━━━ Supplied records ━━━

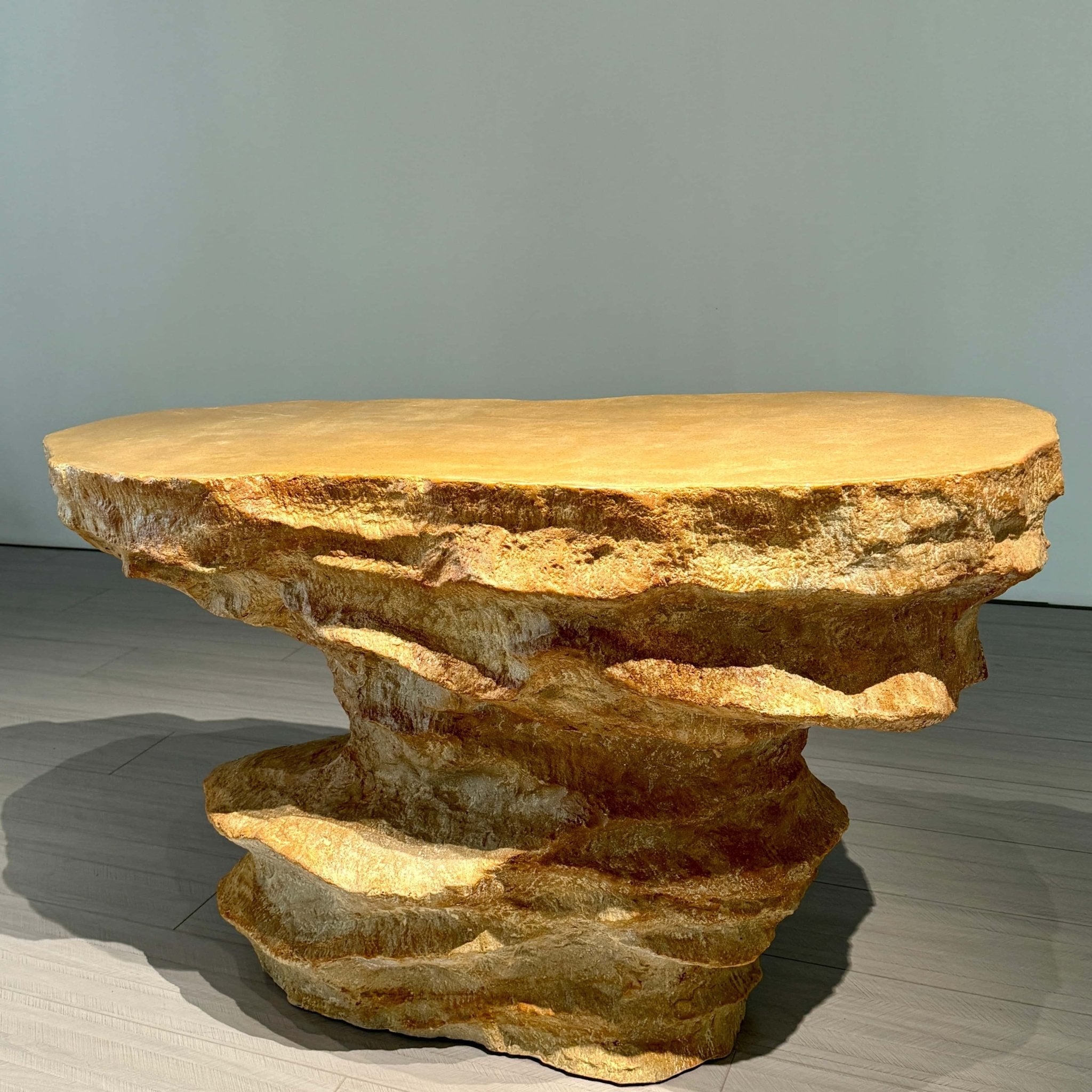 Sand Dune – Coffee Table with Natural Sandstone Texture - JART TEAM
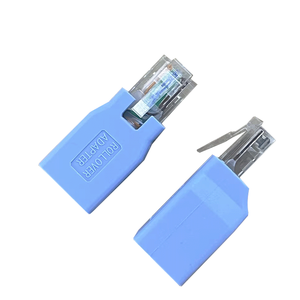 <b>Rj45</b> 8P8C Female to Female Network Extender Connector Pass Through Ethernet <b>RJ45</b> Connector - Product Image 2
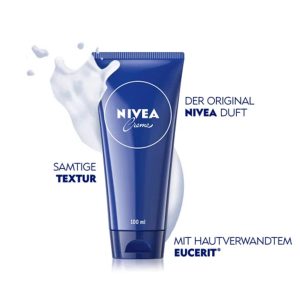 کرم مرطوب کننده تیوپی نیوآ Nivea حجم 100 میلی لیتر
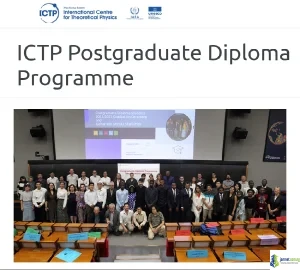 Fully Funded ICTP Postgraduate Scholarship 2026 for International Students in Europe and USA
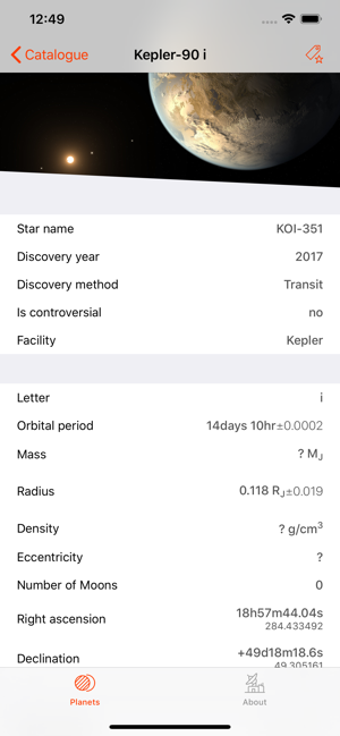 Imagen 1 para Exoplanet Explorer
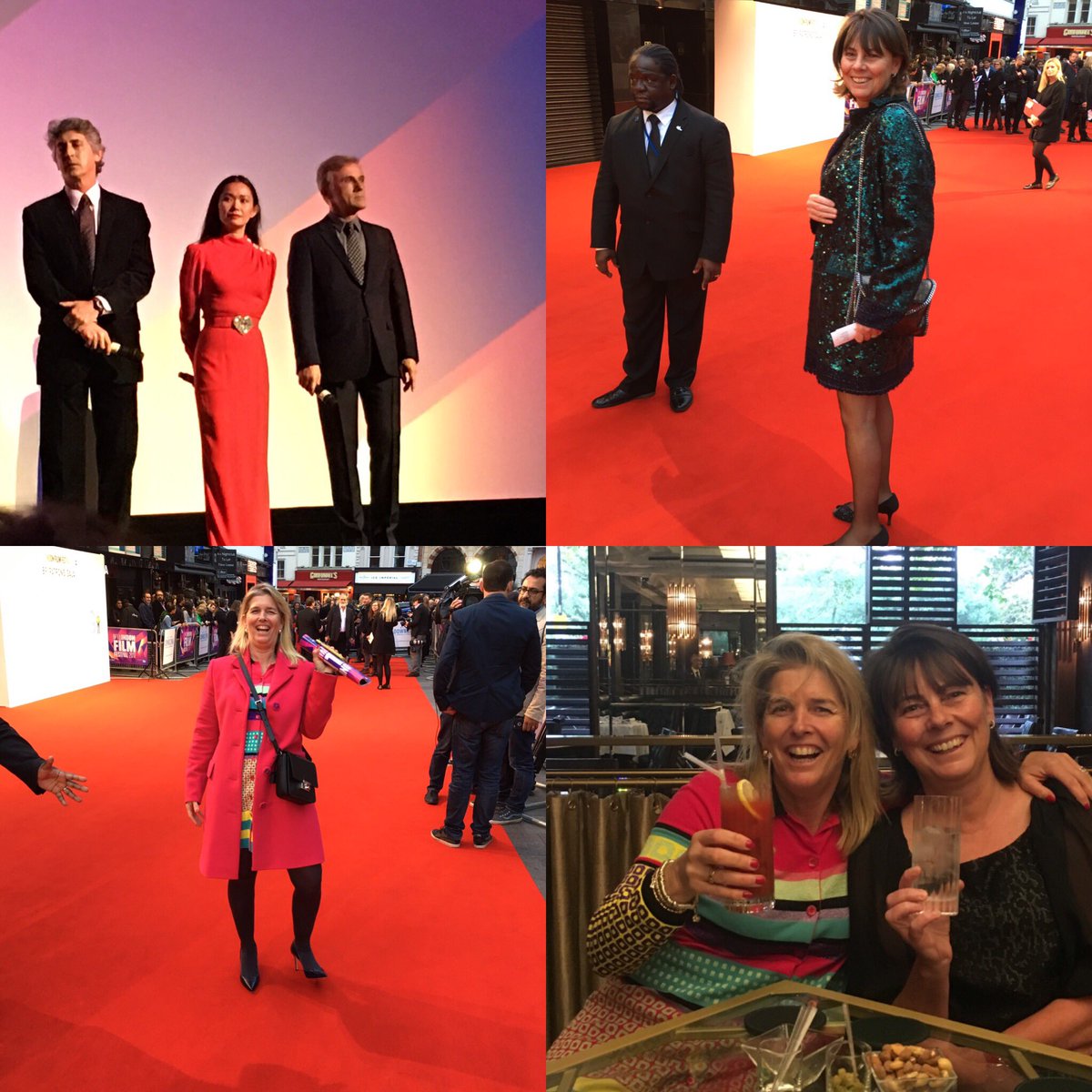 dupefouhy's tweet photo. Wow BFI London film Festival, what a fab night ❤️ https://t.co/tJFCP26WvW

━━━

• [Work request] Could you reproduce exactly the lines running from the one with "Fully Funded ICTP" through the final line of the listing above, both included, and drop the pictures?

• [Your solution]
 Fully Funded ICTP Postgraduate Scholarship 2026 for International Students in Europe and USA
 Imagen 1 para Exoplanet Explorer
 dupefouhy's tweet photo. Wow BFI London film Festival, what a fab night ❤️ https://t.co/tJFCP26WvW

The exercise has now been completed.